In the publication a group at Dundee University were exploring a fragment based approach, against an enzyme which has a role in ubiquitin conjugating called Ube2T. The team had been successful in identifying a fragment hit in an earlier publication. In this first publication they had utilised differential scanning fluorimetry (otherwise known as a thermal shift assay) and followed up with biolayer interferometry, as an orthogonal technique to confirm primary hits from the DSF primary screen. To further generate confidence, ligand observed NMR was carried out.

From this work a specific fragment was chosen as the top hit and was then measured with 15N- labelled NMR and ITC measurements against which at this stage showed positive binding.

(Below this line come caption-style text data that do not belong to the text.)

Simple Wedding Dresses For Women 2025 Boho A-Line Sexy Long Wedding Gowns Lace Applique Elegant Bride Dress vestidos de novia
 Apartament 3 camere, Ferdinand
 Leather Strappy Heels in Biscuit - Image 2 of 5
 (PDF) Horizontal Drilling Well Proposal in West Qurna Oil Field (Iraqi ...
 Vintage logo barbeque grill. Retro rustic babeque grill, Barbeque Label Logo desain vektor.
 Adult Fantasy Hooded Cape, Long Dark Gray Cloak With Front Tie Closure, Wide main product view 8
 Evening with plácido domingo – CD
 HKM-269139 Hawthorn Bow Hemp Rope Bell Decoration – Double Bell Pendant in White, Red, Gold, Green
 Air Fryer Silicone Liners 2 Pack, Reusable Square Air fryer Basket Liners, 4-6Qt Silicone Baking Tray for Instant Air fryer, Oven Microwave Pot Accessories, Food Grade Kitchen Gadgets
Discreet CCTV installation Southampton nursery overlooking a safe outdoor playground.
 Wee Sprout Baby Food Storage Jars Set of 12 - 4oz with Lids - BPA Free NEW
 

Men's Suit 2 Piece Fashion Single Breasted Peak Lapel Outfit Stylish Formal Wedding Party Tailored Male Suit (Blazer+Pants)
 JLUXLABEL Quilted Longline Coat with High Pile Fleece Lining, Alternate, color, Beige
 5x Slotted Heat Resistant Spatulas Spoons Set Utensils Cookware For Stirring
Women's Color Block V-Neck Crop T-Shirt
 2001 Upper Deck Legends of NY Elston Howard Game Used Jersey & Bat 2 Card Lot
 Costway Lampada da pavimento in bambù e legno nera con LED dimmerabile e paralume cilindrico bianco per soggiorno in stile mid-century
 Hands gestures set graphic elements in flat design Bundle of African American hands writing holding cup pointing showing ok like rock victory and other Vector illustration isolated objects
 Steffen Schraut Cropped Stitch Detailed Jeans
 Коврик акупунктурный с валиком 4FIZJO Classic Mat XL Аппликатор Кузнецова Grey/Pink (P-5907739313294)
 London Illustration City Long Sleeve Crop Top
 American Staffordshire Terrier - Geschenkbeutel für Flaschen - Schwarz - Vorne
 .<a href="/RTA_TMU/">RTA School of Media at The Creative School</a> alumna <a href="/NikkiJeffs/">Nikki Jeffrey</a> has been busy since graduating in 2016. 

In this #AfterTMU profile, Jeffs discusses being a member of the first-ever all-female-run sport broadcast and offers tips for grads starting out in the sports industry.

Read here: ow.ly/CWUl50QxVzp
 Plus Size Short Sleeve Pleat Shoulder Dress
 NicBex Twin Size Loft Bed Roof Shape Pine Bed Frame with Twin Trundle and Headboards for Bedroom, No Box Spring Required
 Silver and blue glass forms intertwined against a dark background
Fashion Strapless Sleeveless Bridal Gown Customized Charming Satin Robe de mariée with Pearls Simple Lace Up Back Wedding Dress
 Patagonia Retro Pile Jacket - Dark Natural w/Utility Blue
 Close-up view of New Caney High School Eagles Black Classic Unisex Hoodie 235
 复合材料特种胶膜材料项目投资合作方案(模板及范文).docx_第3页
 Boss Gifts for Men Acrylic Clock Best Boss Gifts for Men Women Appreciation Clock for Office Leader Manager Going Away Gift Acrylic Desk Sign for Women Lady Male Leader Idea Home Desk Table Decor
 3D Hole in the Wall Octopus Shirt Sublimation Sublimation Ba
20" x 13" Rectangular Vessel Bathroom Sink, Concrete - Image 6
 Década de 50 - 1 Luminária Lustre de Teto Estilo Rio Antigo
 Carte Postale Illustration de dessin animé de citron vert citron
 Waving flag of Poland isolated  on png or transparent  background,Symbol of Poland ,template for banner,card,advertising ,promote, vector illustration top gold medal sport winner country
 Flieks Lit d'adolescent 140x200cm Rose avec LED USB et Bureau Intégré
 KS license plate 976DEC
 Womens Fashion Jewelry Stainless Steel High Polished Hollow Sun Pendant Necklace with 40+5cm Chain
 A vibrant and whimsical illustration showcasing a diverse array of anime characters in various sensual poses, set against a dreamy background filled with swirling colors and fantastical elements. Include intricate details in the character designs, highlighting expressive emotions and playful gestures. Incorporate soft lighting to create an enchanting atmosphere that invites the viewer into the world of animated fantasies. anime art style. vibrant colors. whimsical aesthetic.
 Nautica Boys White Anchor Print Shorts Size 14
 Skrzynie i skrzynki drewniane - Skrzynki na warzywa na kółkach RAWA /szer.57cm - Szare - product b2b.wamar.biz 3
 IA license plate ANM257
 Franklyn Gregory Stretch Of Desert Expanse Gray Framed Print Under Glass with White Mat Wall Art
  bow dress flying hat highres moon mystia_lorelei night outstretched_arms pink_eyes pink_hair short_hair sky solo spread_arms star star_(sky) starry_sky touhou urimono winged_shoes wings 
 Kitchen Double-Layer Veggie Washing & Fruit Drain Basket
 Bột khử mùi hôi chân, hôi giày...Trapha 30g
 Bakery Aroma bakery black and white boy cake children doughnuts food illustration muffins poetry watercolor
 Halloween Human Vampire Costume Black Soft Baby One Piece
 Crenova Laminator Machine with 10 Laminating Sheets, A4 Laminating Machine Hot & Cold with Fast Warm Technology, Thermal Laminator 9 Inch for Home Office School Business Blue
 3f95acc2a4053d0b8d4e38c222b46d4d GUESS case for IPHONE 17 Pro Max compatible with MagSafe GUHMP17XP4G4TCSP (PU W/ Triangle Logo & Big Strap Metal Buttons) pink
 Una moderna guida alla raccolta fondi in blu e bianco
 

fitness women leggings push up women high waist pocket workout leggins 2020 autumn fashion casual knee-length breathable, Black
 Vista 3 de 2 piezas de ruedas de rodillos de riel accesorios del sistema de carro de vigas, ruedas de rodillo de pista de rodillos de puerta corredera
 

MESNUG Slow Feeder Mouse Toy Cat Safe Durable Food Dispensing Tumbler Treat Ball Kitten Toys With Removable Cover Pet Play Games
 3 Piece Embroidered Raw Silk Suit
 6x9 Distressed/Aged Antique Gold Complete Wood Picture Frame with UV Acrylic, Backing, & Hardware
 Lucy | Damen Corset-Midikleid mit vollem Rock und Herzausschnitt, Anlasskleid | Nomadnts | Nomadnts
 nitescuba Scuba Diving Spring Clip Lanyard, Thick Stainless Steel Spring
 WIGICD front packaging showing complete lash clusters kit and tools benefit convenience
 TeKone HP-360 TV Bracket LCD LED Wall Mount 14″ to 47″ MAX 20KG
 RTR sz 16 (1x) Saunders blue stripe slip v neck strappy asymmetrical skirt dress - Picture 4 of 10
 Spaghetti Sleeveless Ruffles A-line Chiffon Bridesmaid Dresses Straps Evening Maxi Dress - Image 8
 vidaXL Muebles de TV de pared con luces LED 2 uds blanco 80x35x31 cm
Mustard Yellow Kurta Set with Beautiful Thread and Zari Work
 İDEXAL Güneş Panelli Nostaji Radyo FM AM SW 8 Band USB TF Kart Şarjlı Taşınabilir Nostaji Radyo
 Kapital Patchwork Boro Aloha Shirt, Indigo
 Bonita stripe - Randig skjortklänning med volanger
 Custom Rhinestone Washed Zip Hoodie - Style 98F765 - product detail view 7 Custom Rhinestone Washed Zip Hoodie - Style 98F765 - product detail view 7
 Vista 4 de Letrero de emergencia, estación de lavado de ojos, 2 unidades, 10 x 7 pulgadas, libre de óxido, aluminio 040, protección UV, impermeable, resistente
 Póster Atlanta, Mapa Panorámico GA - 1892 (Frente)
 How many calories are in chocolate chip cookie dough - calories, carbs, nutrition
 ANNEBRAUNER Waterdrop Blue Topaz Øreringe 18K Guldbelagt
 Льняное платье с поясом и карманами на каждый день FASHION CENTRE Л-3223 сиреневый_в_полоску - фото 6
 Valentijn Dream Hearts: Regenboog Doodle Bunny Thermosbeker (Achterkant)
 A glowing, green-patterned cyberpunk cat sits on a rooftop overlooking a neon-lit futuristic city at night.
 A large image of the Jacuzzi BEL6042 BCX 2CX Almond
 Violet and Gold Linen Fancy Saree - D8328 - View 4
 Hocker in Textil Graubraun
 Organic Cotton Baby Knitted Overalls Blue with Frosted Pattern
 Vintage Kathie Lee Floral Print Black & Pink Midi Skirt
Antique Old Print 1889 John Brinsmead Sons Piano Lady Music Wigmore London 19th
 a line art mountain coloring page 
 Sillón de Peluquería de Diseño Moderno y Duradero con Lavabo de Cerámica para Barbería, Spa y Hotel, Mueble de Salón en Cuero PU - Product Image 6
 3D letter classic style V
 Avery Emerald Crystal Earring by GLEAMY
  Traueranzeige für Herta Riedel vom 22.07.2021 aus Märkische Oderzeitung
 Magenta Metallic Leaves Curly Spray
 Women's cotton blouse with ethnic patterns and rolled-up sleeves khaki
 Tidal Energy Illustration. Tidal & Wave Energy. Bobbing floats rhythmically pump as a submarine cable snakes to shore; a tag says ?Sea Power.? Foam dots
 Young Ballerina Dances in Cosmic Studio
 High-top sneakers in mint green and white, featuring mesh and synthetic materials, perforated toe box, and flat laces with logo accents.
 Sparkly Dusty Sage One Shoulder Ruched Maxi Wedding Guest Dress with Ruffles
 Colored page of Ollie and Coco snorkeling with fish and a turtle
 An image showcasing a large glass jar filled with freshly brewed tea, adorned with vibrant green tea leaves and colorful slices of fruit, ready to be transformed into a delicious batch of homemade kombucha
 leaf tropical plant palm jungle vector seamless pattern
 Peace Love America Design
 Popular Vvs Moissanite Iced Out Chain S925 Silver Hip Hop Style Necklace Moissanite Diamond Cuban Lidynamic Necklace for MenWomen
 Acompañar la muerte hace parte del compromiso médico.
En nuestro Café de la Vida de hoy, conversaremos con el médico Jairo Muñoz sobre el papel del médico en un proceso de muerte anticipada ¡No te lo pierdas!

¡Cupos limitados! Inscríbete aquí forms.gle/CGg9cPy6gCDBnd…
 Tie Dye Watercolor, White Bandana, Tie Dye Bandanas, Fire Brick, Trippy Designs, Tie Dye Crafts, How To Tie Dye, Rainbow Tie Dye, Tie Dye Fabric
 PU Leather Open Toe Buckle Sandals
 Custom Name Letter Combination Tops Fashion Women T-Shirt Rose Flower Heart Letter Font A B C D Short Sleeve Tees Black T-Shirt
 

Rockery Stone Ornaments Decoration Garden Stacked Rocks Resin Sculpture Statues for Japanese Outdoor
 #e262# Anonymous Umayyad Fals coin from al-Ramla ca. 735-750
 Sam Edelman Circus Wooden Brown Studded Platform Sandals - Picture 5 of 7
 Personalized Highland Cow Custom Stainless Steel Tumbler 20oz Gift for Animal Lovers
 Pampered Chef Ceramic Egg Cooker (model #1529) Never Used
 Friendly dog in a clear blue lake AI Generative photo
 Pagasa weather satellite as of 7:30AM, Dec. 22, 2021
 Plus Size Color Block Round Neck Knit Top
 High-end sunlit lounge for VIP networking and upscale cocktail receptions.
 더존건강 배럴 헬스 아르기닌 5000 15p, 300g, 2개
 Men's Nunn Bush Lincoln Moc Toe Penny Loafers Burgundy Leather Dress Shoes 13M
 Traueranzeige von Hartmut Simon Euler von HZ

At this point analogues were ordered around this fragment and this is where the project hit some rough water. None of the analogues seem to show any significant SAR, and the limited number of analogues that did bind were much weaker in potency than the original hit

In parallel, co-crystallization of the fragment against Ube2T was attempted. While this was unsuccessful in showing specific binding, it did highlight a rearrangement of the protein, and the presence of a metal ion close to the catalytic residue, this metal ion was then identified as Zn2+

As no zinc was present in the co-crystallization buffer system, the team investigated the original fragment hit compound, running a zincon colorimetric assay on the sample which was gave a positive result for the presence of zinc. The team re-ran the original ITC experiment with the fragment hit in the presence of EDTA (which should chelate all zinc present), this showed that all binding was lost. In summary, the fragment hit must have contained Zn2+ ions which was the cause of the activity.

Gareth 1

Figure A showing ITC binding experiment of Ube2T with the original fragment compound with and without EDTA present. ZnCl2 against Ube2T is also shown as a comparison.

Taken from: F. E. Morreale et al., Mind the Metal: A Fragment Library-Derived Zinc Impurity Binds the E2 Ubiquitin-Conjugating Enzyme Ube2T and Induces Structural Rearrangements. Journal of Medicinal Chemistry60, 8183–8191 (2017).

The authors did point out that this hit was from a commercial library and one of the actions they undertook was to ask for the QC data from the supplier, at the point when the related analogues of the fragment compound did not show any activity. This obviously did not highlight the presence of the Zn2+

I did wonder when reading this publication if a different screening cascade may have identified this type of false positive, before having to get to the step of a very labour intensive co-crystallization process. For example a cell based assay might by more resilient to the presence of metal ions. However with a fragment based project, this may not be possible due to the poor affinity of fragments and also obtaining an effective concentration within the reduced DMSO tolerance of a cell based format compared to a biochemical assay. The only recommendation for this specific case, would be carry out further purification of samples, and then re-assay. It would also appear that the data from commercial suppliers is lacking and maybe that can be changed.

The authors should be commended for this work and putting it in the public domain. Drug discovery is a hard, long and quite often an unsuccessful process, and anything we can do to reduce the time following red herrings the better.